Instructions for the task:
Could you print the stretch of lines below from the one with "TummyFriendly Foods USDA" through the one with "33 Gujan-Mestras logo", exactly as they stand and without any pictures?

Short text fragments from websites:
[Start of Attachment]
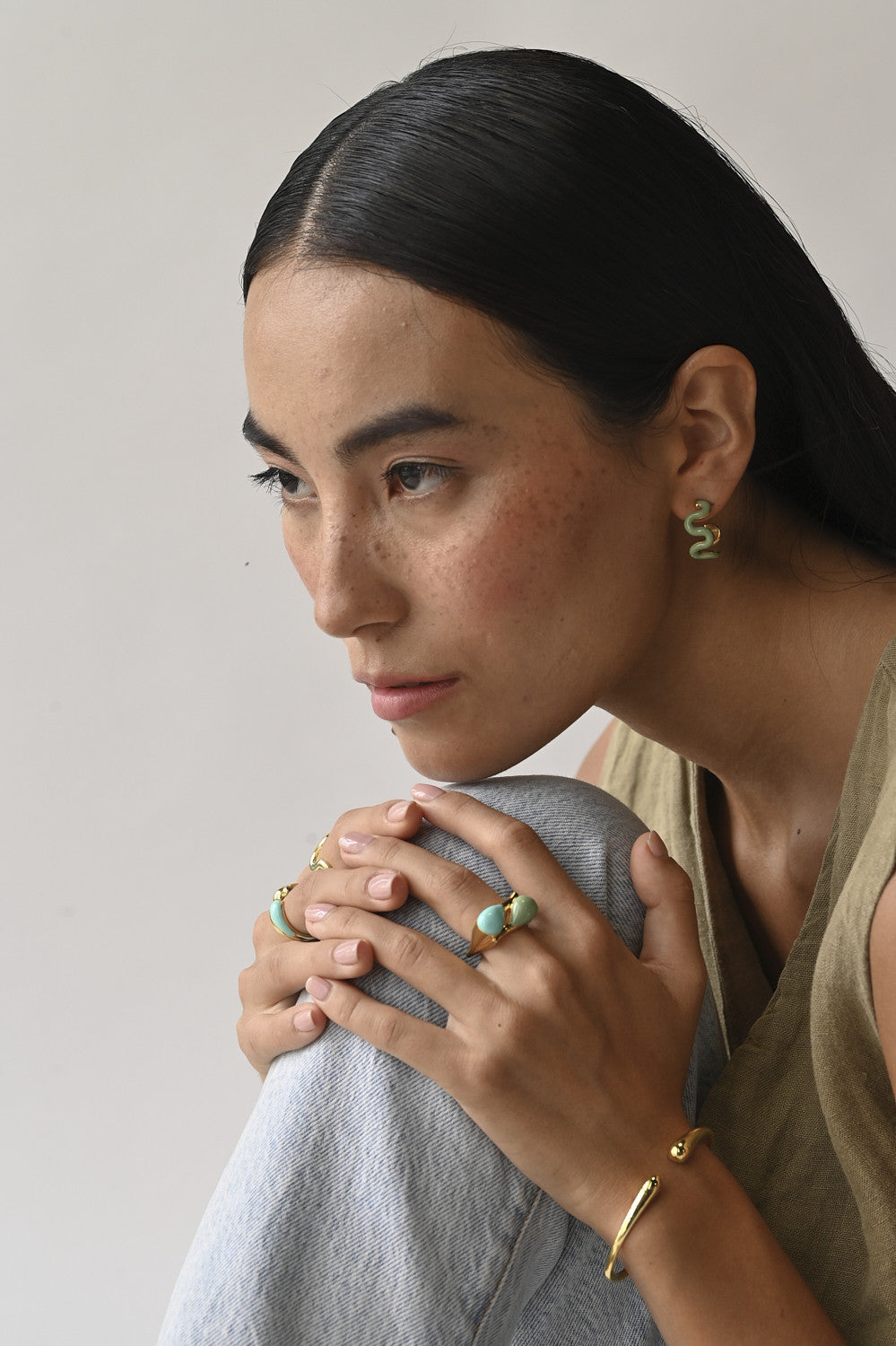 Gold & Olive Green Swirl Hoops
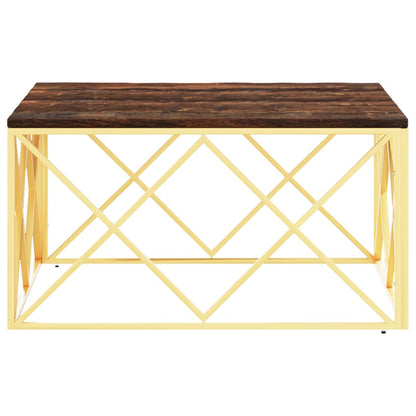 Mesa De Centro Acero Inoxidable Madera Maciza Reciclada Dorada_1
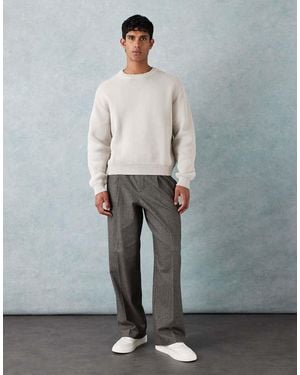 ASOS Smart Wide Leg Trousers With Front Pleat - Grey
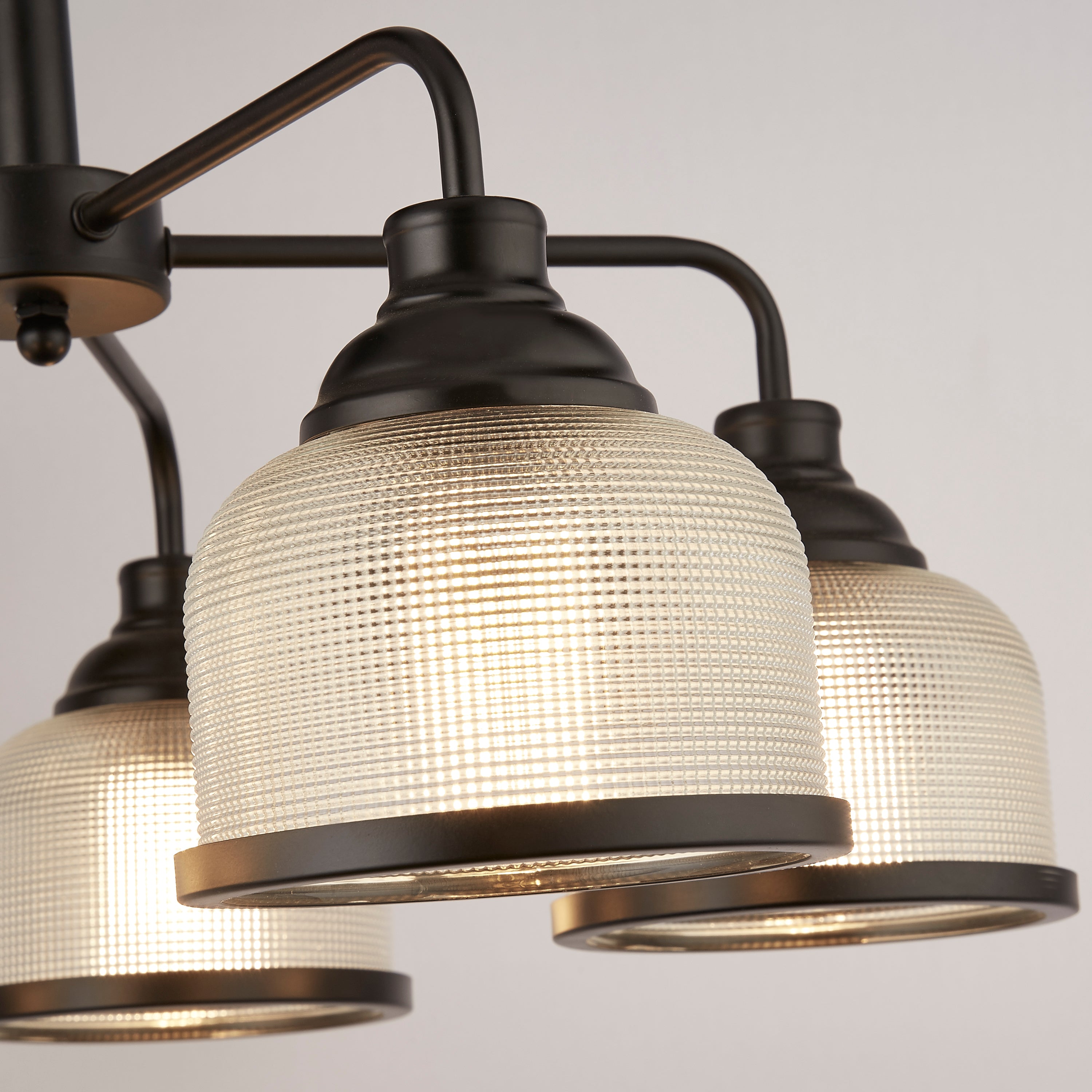 Searchlight Handel 5 Light Pendant - Black Metal & Holophane Style Glass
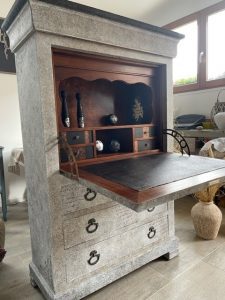 Secrétaire patine à l'ancienne gris beige et anthracite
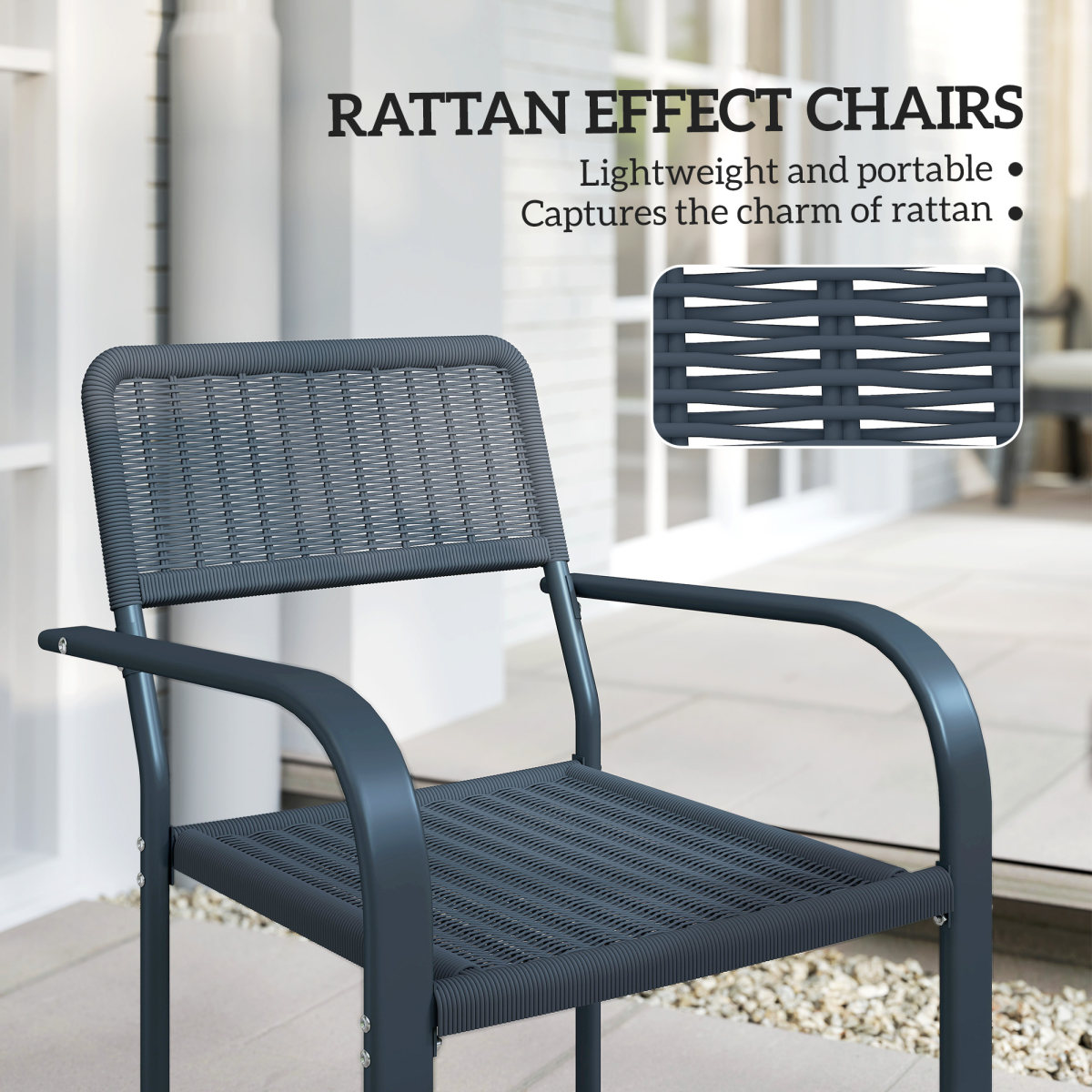 Outsunny Set of 4 Stackable Garden Chairs with Rattan Effect & Steel Frame – Space-Saving Patio Seating, Dark Grey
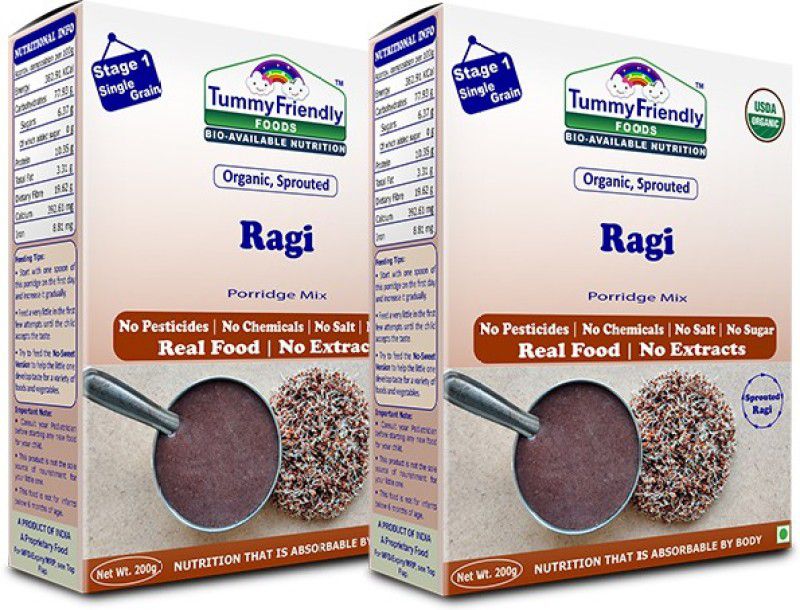 TummyFriendly Foods USDA Certified Organic Sprouted Ragi Porridge Mix , Made of Organic Sprouted Ragi for Baby, Rich in Calcium, Iron, Fibre & Micro-Nutrients ,200g Each, 2 Packs Cereal  (400 g, Pack of 2, 6+ Months)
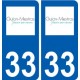 33 Gujan-Mestras logo ville autocollant plaque stickers
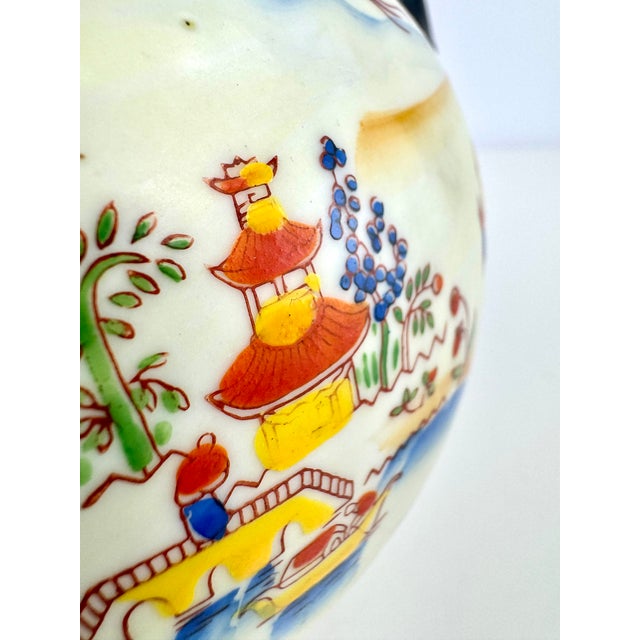 Japanese Vintage Goldcastle Chikusa Hand-Painted Japanese Porcelain Landscape Vase For Sale - Image 3 of 12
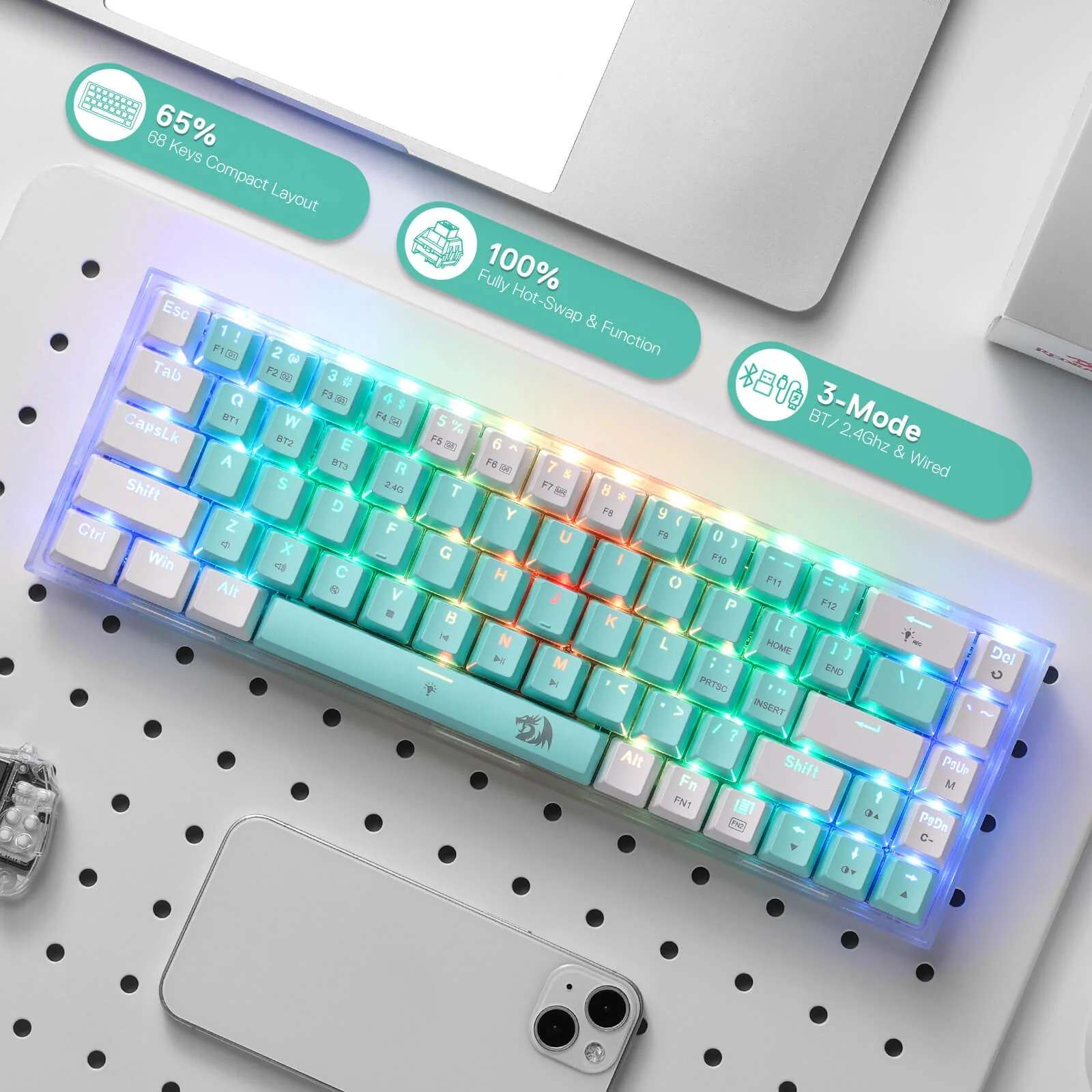 (Open-box) CASTOR K631 PRO 65% Mint Wireless Keyboard - Image 5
[End of Attachment]
Reply:
 TummyFriendly Foods USDA Certified Organic Sprouted Ragi Porridge Mix , Made of Organic Sprouted Ragi for Baby, Rich in Calcium, Iron, Fibre & Micro-Nutrients ,200g Each, 2 Packs Cereal  (400 g, Pack of 2, 6+ Months)
 33 Gujan-Mestras logo ville autocollant plaque stickers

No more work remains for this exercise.